Almost all animals will respond as if "stung by a bee" when they are stung by a bee. They all appear to feel pain based on a similar value proposition: that a bee-sting is "bad" and should have been prevented, that one should be alert or that special care is needed.
Most animals react to a bee sting as though it is unpleasant. But they don't have the concepts of "good" and "bad" and don't make value judgments. They just react.
By thinking differently (e.g. stoicism), people can feel differently, even pain. That is clear evidence that the valuing that precedes pain is actual and not something that is built in (hard wired). Pain, while experienced by all animals with an apparent similar value proposition with regard to the cause of pain being "bad", can be experienced differently by using a thinking technique.
You may not have noticed, but no valuing is involved in that phenomenon. Experiencing, perceiving, is not valuing.
Denoted "good" is something else.
Now we have "denoted good" and "real good"?
It is a mental concept that has been valued before it can be denoted. The valuing that precedes it is what I intended to indicate. The valuing that precedes pain.
*Sigh*. You've provided no evidence that any "valuing" precedes the pain experienced from a bee sting.

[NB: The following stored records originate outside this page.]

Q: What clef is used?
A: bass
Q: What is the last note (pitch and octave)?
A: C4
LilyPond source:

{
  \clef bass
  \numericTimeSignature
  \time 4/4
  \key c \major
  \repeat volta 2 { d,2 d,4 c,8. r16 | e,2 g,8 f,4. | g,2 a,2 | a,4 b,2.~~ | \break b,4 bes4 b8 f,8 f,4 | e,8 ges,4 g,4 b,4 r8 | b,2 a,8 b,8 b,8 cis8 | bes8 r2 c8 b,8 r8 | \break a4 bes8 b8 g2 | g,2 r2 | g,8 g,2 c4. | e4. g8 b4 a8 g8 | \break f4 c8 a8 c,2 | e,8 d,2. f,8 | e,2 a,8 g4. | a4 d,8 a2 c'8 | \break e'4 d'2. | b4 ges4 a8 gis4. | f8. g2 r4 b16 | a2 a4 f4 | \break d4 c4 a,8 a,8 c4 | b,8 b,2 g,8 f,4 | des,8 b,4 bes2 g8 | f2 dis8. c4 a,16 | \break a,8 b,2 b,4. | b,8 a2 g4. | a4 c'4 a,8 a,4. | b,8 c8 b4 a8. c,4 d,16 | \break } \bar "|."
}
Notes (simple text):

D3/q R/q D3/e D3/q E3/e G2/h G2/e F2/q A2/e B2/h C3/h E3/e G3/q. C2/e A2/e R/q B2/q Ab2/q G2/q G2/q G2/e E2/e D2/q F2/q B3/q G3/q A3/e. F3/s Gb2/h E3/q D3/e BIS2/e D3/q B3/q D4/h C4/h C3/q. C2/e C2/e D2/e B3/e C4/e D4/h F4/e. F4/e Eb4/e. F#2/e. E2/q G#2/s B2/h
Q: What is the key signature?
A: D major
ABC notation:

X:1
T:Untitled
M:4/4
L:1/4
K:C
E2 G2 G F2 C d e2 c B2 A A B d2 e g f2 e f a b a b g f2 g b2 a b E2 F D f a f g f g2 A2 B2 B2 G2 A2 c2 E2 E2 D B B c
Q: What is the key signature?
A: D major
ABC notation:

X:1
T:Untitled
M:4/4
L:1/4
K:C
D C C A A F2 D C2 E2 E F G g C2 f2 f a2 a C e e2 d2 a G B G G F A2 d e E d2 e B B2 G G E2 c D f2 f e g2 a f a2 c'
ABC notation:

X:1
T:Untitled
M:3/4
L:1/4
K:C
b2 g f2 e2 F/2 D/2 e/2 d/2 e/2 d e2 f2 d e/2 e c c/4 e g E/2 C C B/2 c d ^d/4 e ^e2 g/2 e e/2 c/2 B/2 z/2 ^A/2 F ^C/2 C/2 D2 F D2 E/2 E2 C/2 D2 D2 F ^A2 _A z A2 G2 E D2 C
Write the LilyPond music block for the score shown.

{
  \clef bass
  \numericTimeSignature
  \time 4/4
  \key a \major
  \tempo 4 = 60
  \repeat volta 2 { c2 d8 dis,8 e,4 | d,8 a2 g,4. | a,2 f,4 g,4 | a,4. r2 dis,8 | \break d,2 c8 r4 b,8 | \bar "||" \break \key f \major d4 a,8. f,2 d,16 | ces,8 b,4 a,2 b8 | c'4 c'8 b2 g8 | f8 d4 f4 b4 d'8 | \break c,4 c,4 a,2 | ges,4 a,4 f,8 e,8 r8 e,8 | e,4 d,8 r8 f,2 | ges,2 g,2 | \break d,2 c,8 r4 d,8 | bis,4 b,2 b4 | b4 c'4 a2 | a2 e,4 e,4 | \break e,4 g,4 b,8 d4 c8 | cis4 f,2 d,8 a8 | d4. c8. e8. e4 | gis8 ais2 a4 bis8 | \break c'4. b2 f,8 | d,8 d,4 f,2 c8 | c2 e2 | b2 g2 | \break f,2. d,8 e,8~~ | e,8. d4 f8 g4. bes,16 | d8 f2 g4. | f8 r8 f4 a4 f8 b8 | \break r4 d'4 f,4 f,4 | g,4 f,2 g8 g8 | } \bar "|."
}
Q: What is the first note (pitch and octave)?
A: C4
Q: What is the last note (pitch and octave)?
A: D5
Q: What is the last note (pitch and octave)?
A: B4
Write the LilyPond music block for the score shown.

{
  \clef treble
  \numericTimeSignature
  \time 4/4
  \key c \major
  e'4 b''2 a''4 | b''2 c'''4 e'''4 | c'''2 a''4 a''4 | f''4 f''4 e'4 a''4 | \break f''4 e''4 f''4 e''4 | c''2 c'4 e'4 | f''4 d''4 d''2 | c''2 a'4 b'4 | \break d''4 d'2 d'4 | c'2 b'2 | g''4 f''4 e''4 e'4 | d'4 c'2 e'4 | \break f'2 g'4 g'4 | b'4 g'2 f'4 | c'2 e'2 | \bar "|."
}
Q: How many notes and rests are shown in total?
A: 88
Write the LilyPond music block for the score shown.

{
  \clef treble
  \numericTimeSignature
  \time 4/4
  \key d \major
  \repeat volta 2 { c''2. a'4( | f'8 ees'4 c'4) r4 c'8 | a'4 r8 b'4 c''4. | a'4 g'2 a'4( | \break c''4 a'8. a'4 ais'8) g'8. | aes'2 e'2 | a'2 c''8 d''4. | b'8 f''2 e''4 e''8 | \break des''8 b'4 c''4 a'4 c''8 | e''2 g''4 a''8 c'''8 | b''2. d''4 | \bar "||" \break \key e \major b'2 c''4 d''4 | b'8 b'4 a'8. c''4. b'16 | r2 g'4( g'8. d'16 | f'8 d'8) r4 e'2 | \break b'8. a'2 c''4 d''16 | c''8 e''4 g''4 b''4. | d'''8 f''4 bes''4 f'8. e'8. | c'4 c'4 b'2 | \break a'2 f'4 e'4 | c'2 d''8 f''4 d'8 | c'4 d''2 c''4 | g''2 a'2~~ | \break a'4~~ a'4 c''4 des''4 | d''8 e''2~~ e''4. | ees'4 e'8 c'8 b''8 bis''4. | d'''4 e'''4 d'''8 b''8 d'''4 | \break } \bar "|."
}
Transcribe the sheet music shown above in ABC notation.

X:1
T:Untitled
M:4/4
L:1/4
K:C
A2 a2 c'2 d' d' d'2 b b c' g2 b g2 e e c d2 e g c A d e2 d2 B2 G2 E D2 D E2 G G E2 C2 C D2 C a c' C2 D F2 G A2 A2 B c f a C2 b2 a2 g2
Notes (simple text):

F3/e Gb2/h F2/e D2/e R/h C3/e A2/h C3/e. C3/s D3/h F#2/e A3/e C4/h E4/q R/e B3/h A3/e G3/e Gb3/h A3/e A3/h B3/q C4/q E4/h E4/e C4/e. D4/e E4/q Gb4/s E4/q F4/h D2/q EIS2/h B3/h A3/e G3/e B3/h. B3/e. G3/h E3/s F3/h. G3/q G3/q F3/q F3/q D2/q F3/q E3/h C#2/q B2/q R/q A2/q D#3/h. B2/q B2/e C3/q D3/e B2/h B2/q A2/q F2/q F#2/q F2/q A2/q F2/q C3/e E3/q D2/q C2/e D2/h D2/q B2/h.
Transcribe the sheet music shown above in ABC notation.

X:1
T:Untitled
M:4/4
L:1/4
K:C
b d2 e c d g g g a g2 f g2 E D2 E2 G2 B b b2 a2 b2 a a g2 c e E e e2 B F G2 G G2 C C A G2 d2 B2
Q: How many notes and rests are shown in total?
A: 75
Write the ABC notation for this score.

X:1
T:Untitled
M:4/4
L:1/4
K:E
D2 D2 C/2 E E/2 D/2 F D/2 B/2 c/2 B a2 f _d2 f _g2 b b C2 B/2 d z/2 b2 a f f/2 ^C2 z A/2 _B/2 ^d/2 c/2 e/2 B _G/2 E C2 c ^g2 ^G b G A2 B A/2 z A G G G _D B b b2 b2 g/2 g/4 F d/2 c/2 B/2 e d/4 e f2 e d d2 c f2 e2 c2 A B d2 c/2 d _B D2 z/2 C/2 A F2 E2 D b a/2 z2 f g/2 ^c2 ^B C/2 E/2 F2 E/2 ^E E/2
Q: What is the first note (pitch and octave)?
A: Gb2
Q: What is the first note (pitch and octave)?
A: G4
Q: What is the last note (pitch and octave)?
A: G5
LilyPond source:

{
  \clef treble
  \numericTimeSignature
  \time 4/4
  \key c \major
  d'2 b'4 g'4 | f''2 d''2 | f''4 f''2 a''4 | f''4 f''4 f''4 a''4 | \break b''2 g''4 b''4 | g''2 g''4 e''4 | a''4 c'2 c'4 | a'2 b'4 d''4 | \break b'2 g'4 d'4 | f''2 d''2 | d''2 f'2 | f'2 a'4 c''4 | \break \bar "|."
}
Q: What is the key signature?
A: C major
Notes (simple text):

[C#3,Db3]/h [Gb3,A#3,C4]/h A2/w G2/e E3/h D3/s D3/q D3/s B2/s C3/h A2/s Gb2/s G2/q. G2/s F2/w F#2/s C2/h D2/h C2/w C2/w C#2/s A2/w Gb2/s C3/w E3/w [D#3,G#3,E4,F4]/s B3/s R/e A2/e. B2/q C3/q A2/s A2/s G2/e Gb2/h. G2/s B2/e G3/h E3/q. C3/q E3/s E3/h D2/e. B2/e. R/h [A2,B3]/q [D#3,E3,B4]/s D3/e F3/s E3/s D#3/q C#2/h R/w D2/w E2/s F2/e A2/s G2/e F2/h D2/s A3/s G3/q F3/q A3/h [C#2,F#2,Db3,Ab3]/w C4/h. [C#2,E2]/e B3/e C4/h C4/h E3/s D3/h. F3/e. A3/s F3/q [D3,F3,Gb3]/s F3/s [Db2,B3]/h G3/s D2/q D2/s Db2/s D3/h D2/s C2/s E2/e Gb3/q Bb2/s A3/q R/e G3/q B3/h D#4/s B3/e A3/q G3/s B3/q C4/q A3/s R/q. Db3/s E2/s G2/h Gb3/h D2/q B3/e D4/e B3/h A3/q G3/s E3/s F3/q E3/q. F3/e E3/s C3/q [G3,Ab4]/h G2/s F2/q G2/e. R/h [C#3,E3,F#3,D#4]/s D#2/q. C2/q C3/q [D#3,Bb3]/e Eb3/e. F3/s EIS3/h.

This discussion seems to be going nowhere, arjand. Time, I think, to break it off.

Re: What could make morality objective?

Posted: February 6th, 2020, 12:44 pm
by Sculptor1
arjand wrote: February 4th, 2020, 11:32 am
Sculptor1 wrote: February 4th, 2020, 6:54 am Thing of it is that most scientists worth their salt do not distress themselves with explanations in terms of purpose. Why always leads to why, why, why. Science is about describing the world. Explanations are emergent properties of the best descriptions.
Empirical investigations offer increasingly detailed descriptions and clearer explanations. Nothing in the realm has anything to do with "goodness" or "badness", these things are not empirical, they are conceptual.
Values of these kinds exist in the fantasy realm of the human mind, and any empirical observations made by "science" concerning the consequences of these fantasies do not establish them as empirically sound things for study, but can only take them on as human assumptions (false factors); and through those examine the costs of these fantasies to human society. Here the disciplines of anthropology and psychology have many interesting insights, but there is nothing that the science of the real can speak on.
If there were no humans there would be no good or evil.
I would disagree.
Then we have nothing whatever to say to one another.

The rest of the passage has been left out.